You might accuse desert rock progenitors Yawning Man of playing to their base with Live at Giant Rock (featured here), and if so, fine. At no point in the last 50 years has that base more needed playing-to. And in the absence of shows, being able to hear (and watch, in the case of the accompanying video) Yawning Man go out to the landscape that spawned them and engage with their music was a beautiful moment of reconciliation. An exhale for the converted that didn’t fill one with empty promises of better tomorrows or tours to come, but served to remind what’s so worth preserving about the spirit of live music in the first place. The fact that anything can happen. A replaced note here, a tuning change there — these things can make not just an evening, but memories that go beyond shows, tours, to touch our lives.

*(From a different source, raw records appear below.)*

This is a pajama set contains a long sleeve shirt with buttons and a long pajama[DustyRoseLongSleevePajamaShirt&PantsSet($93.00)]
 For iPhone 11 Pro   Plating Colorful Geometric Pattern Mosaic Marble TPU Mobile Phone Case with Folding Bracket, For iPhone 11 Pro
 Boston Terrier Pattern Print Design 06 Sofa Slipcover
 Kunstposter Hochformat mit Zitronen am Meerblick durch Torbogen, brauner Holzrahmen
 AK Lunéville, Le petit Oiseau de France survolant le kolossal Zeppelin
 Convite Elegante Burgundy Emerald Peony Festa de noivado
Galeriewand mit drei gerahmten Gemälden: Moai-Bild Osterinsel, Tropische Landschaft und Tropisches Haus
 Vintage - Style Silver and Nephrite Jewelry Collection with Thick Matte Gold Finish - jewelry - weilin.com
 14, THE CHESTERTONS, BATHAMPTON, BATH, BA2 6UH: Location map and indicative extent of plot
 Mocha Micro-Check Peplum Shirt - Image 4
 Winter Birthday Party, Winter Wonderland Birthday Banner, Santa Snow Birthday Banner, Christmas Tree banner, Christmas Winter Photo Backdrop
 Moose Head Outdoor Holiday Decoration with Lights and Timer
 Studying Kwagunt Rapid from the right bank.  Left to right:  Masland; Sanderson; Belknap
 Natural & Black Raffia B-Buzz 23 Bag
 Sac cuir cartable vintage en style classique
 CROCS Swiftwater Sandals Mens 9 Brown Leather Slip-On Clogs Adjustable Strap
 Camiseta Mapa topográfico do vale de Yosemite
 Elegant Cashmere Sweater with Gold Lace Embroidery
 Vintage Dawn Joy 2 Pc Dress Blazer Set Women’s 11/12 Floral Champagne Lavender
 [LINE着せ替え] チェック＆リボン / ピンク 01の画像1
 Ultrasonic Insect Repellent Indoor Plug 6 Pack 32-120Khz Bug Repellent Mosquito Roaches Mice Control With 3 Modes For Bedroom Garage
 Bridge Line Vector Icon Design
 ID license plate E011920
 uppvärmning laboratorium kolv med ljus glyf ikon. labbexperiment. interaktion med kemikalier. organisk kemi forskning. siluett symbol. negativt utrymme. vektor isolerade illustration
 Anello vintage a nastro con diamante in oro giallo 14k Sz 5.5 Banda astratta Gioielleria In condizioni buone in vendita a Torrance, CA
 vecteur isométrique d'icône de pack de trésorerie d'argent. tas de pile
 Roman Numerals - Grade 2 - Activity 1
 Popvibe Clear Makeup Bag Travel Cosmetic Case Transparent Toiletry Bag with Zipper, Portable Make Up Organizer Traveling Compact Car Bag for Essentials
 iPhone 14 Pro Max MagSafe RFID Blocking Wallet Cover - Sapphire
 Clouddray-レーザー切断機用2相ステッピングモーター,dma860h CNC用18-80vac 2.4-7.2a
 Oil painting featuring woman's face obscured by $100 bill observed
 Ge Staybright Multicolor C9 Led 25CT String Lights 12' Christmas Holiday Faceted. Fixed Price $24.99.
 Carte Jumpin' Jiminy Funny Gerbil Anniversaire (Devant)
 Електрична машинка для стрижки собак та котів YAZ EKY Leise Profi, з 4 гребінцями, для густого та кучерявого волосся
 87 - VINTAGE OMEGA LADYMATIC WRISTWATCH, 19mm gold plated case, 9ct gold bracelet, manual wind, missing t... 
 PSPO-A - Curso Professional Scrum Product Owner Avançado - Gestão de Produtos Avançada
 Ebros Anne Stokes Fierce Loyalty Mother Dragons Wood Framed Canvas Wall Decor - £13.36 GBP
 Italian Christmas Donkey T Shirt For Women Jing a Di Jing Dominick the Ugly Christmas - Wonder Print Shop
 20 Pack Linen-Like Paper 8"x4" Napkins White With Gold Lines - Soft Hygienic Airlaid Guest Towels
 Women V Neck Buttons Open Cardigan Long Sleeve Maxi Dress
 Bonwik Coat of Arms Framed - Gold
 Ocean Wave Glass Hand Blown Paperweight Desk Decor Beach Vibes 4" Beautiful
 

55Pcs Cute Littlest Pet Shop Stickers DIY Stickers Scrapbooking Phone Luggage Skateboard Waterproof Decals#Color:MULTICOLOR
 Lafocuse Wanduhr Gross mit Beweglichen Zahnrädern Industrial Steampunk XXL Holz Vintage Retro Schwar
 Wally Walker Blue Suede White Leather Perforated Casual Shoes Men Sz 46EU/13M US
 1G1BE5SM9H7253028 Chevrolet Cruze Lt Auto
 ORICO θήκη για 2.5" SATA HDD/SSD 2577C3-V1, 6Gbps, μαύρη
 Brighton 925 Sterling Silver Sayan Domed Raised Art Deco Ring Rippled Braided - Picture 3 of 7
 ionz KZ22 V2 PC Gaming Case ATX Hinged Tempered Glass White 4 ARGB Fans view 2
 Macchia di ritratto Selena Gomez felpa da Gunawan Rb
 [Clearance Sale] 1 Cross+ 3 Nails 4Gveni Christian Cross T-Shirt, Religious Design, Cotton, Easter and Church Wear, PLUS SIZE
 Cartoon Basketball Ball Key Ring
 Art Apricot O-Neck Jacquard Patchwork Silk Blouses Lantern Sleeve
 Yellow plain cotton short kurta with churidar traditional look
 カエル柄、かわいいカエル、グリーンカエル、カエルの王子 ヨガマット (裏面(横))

There were a ton of live records this year. Some were benefits for worthy causes between saving venues, Black Lives Matter, voting rights organizations, and so on. And whether these were new performances from captured livestreams (Monte Luna, Kadavar) or older gigs that had been sitting around waiting for release at some point (Sumac, Dead Meadow), this, very much, was that point, and these live offerings kept burning a fire that felt at times very much in danger of being extinguished.

Looking Ahead to 2021

A list of bands. Some confirmed releases, some not. Here goes:

Dread Sovereign, Sasquatch, Year of Taurus, Apostle of Solitude, Weedpecker, Borracho, Love Gang, Jointhugger, Demon Head, Iron Man, Greenleaf, Samsara Blues Experiment, The Mammathus, Evert Snyman, Wo Fat, Conclave, Here Lies Man, Kabbalah, Komatsu, Hour of 13, Wedge, Amenra, La Chinga, Spidergawd, Wolves in the Throne Room, Vokonis, Freedom Hawk, Masters of Reality, ZOM, Eyehategod, Sanhedrin, Green Lung, The Mountain King, Albatross Overdrive, Elder, King Buffalo, Sunnata, Howling Giant, SAVER, Conan, Slomatics, Ruff Majik, Kind, Mos Generator, Yawning Sons, Lantlôs, Brant Bjork, Spiral Grave, Crystal Spiders, Lightning Born, Samavayo, Wovenhand, Merlock, Comet Control, The Age of Truth, Eight Bells, BlackWater Holylight, DVNE, Monte Luna.

Thank You

You’ve read enough, so I will do my best to keep this mercifully short. Thank you so much for reading — whether you still are or not — and thank you for being a part of the ongoing project that is The Obelisk. I cannot tell you how much it means to me to have such incredible support throughout not just this year, but all the years of the site’s existence. Thank you. Thank you. Thank you.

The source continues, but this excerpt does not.